-- What to work on --
Using the data below, return word for word every line from the one holding "Babies are Sweet" down to the one holding "Merry Grinchmas Neon". Leave pictures out.

-- Exercise material --
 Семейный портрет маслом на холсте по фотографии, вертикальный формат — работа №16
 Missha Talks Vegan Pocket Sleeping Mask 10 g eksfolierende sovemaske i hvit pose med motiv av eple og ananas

---

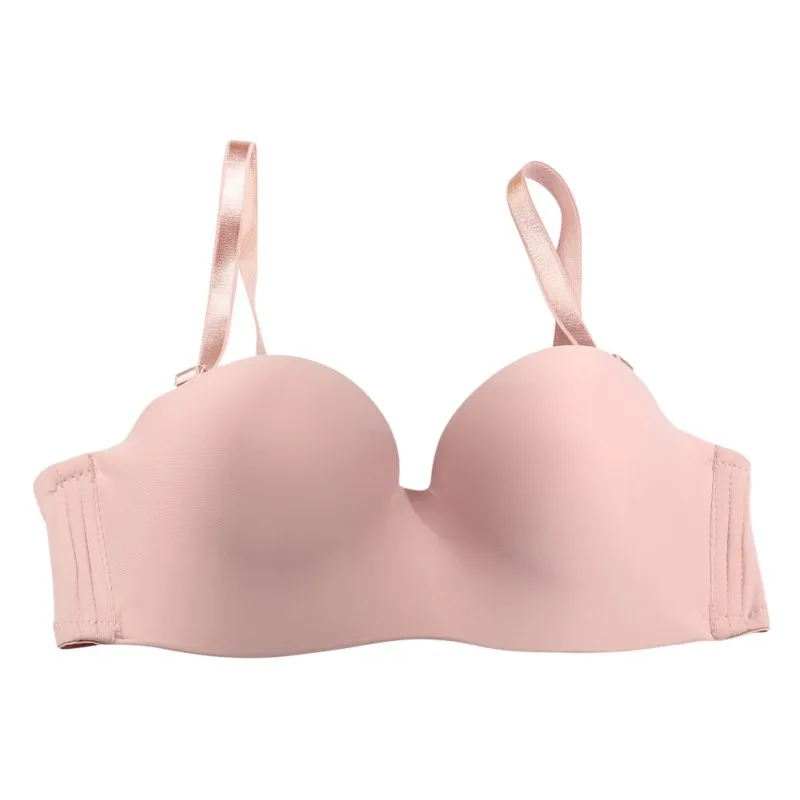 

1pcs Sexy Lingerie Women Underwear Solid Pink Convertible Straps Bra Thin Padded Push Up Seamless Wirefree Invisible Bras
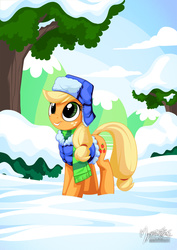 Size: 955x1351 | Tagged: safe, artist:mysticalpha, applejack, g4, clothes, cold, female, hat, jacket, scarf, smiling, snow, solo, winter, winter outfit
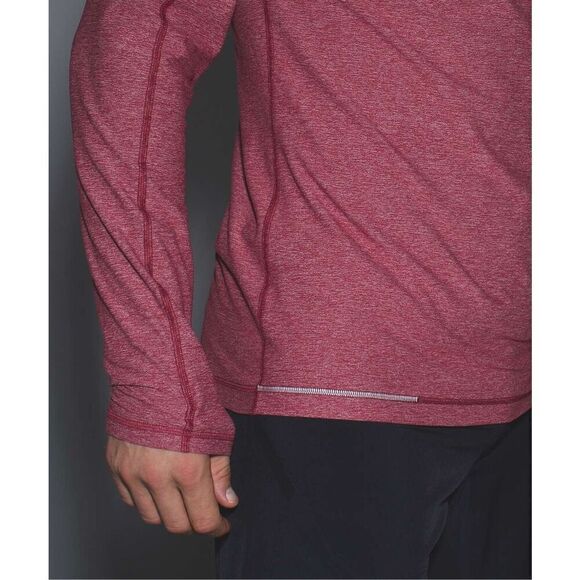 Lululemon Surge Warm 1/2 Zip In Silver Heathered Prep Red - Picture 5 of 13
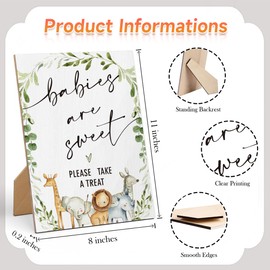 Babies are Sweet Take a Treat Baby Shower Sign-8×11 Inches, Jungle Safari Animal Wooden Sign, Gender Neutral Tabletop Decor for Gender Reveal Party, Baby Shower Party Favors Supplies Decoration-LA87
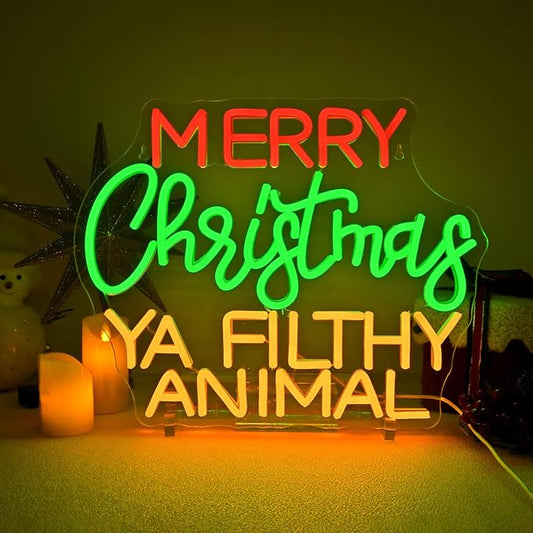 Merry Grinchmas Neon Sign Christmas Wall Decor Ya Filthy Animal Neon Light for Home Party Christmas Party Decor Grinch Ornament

-- Response area --
 Babies are Sweet Take a Treat Baby Shower Sign-8×11 Inches, Jungle Safari Animal Wooden Sign, Gender Neutral Tabletop Decor for Gender Reveal Party, Baby Shower Party Favors Supplies Decoration-LA87
 Merry Grinchmas Neon Sign Christmas Wall Decor Ya Filthy Animal Neon Light for Home Party Christmas Party Decor Grinch Ornament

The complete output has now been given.